As to the objection to the Chairman, the EBA does not see any reason to re-examine the factual findings and legal conclusions of the EBA in R 19/12 or to add anything to them. The EBA notes that the Chairman, in his comments on the objection, has assured the Board that, following decision R 19/12, all his managerial activities have been discontinued, in particular his membership in the President’s Management Committee (MAC) and the EPO’s General Advisory Committee (GAC), with the exception of his participation as an observer in the MAC for points of discussion having a direct bearing on the Boards of Appeal and their support services. As a consequence, the EBA finds that the present factual circumstances clearly differ from those on which decision R 19/12 was based.

The EBA concedes that the Chairman’s dual functions laid down in Article 10 (2) f) and (3) EPC for his managerial function and Article 23 (3) EPC with regard to his judicial function could in principle come into conflict with one other, both provisions being of equal ranking.
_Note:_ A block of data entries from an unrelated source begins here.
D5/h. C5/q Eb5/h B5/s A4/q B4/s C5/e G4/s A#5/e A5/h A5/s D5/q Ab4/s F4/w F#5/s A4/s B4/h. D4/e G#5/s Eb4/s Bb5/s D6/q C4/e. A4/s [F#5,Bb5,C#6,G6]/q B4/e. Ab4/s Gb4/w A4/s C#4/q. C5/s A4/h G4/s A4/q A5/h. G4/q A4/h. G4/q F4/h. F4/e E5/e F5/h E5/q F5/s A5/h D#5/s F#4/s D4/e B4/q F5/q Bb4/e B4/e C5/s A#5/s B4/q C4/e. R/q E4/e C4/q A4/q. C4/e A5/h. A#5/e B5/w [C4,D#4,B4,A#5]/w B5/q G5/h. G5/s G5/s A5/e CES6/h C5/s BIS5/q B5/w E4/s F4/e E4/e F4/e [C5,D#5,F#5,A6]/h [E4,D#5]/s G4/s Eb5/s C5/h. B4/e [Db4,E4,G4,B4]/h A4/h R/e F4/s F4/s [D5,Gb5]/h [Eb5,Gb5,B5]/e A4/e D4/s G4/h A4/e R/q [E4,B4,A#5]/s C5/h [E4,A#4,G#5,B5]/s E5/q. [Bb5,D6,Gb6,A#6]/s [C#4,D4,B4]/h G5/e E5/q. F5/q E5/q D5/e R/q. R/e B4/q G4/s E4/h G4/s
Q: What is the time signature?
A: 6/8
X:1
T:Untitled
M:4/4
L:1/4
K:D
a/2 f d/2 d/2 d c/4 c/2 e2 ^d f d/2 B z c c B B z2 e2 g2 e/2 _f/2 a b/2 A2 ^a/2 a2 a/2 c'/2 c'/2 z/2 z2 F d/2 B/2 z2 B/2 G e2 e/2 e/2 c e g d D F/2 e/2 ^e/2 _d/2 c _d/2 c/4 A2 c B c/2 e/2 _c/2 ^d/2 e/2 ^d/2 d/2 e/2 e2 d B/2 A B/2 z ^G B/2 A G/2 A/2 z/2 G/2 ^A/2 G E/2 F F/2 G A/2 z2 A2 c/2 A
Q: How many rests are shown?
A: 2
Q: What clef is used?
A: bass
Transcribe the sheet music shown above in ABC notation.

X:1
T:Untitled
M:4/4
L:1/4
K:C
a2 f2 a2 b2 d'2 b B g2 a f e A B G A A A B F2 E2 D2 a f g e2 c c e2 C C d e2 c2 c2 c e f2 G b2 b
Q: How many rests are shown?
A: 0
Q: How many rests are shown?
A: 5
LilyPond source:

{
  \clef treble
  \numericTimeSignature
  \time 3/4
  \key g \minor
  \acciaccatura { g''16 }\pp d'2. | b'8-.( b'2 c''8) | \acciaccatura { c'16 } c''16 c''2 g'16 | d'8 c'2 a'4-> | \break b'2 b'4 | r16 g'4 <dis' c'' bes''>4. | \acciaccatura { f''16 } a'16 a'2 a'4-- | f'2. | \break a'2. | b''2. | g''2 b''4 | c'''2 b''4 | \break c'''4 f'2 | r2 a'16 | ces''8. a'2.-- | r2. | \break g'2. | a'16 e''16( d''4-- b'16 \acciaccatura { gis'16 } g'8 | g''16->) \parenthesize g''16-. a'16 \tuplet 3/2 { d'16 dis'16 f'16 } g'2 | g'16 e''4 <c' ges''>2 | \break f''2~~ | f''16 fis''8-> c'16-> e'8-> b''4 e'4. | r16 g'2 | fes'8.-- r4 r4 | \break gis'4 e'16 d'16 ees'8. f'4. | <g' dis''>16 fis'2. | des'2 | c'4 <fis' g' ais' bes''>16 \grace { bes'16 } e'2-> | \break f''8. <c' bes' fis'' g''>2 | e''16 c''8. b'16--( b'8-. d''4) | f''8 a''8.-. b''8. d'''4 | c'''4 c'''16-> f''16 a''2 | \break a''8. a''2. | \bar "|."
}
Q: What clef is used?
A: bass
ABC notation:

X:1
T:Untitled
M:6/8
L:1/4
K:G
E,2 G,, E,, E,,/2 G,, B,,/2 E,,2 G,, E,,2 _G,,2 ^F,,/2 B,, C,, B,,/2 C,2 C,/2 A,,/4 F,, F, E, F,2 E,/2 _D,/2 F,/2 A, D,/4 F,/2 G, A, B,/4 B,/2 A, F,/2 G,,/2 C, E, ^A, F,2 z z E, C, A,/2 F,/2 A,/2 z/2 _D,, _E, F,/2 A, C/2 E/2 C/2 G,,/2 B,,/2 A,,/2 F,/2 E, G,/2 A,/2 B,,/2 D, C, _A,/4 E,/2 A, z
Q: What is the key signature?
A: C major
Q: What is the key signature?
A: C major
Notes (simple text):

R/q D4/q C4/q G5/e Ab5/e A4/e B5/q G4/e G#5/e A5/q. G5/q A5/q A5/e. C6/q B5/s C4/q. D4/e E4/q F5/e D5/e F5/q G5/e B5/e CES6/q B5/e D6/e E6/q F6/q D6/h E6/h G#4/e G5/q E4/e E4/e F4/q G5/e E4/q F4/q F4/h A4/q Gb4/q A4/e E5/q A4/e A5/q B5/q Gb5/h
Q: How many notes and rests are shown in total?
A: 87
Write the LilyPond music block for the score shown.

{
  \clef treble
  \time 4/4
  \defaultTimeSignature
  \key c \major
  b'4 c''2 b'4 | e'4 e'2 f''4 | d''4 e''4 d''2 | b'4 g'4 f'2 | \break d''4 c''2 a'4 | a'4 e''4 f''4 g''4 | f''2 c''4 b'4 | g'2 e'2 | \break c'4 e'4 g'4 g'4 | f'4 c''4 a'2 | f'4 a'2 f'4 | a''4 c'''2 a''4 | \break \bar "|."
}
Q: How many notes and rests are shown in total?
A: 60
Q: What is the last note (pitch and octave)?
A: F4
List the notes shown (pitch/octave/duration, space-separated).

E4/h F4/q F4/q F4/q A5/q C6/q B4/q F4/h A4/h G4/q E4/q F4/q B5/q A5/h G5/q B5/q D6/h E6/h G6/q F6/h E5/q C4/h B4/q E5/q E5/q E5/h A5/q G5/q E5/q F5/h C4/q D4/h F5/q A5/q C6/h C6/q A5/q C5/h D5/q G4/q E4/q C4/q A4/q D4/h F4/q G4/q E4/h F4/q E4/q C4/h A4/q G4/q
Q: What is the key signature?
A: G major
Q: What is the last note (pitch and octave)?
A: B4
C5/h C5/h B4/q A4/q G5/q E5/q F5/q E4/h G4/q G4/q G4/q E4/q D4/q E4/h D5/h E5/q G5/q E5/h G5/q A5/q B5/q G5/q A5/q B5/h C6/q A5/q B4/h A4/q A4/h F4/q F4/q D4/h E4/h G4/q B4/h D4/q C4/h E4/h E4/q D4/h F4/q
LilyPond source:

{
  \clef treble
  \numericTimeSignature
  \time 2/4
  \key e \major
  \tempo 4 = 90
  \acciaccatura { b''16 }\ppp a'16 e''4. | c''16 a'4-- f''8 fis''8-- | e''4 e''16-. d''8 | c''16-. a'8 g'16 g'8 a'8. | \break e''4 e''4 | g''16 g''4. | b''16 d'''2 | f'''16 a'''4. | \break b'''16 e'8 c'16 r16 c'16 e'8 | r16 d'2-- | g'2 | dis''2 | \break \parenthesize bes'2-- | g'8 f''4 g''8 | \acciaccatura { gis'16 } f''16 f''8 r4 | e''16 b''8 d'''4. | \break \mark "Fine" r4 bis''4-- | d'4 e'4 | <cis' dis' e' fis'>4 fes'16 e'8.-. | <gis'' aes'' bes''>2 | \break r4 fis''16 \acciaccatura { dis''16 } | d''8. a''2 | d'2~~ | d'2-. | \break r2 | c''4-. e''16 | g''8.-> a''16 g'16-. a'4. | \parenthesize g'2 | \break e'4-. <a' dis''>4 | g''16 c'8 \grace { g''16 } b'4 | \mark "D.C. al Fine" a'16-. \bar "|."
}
The EBA denominates this as a “normative conflict” and takes recourse to German constitutional law to solve this conflict. The decision cites the principle of “praktische Konkordanz” (“practical” or “normative concordance”) being applied in order to establish a balance between two conflicting fundamental rights provisions. In applying this principle, the EBA concludes that the President’s power to give instructions to the Chairman in his function as Vice-president is limited by virtue of Article 23 (3) EPC with the consequence that the Chairman is relieved of any obligation to obey any instructions, or to observe any directions, or to assist the president if and to the extent that this might affect him or any other member of the Boards of Appeal, directly or indirectly in performing their judicial duties.

The EBA concedes that the principle of “praktische Konkordanz” has been developed in connection with rules governing fundamental rights. Whereas the EPC may be considered as the constitution of the EPO, the status of the Vice-president is certainly not a fundamental right. However, the independence of the Board of Appeals is the necessary pre-requirement of the fundamental right of the parties to the proceedings of having access to a proper court. Perhaps a more obvious parallel to German constitutional law would have been to cite the decision of the German Supreme Administrative Court of 1959 which gave rise to the creation of the Federal Patent Court stating “the German Constitutional Court has developed the principle that the courts have to be specific institutions, separated from the executive, because only in this way a jurisdiction can be realised which can act vis-à-vis the state like an uninvolved third party” (GRUR 1959, 435, at p. 437).
The EBA held oral proceedings in November 2014. Events in December 2014, in particular the temporary removal of a member of the Boards of Appeal from office, prompted the petitioner to make further submissions basing the alleged suspicion of partiality on new facts and arguments. Whereas the EBA accepts that these submissions could not have been made earlier, the Board, relying on its discretion, refuses to consider the new submissions in the pending proceedings, on the grounds that they amount to a fresh case. This raises the question how this exercise of discretion can be reconciled with the petitioner’s right that no judge should decide its case in respect of whom it may have good reason to assume partiality (G 1/05, OJ EPO 2007, 362, Reasons, pt. 5). The latter right is an expression of the more general fundamental right of the parties to a fair trial as enshrined in Article 6 of the European Convention on Human Rights to have the case decided on the basis of a fair trial. Safeguarding this right may require that the EBA has to take its decision on the basis of all relevant facts known to it at the date on which the decision is taken as stated in R 19/12 (Reasons, pt. 5).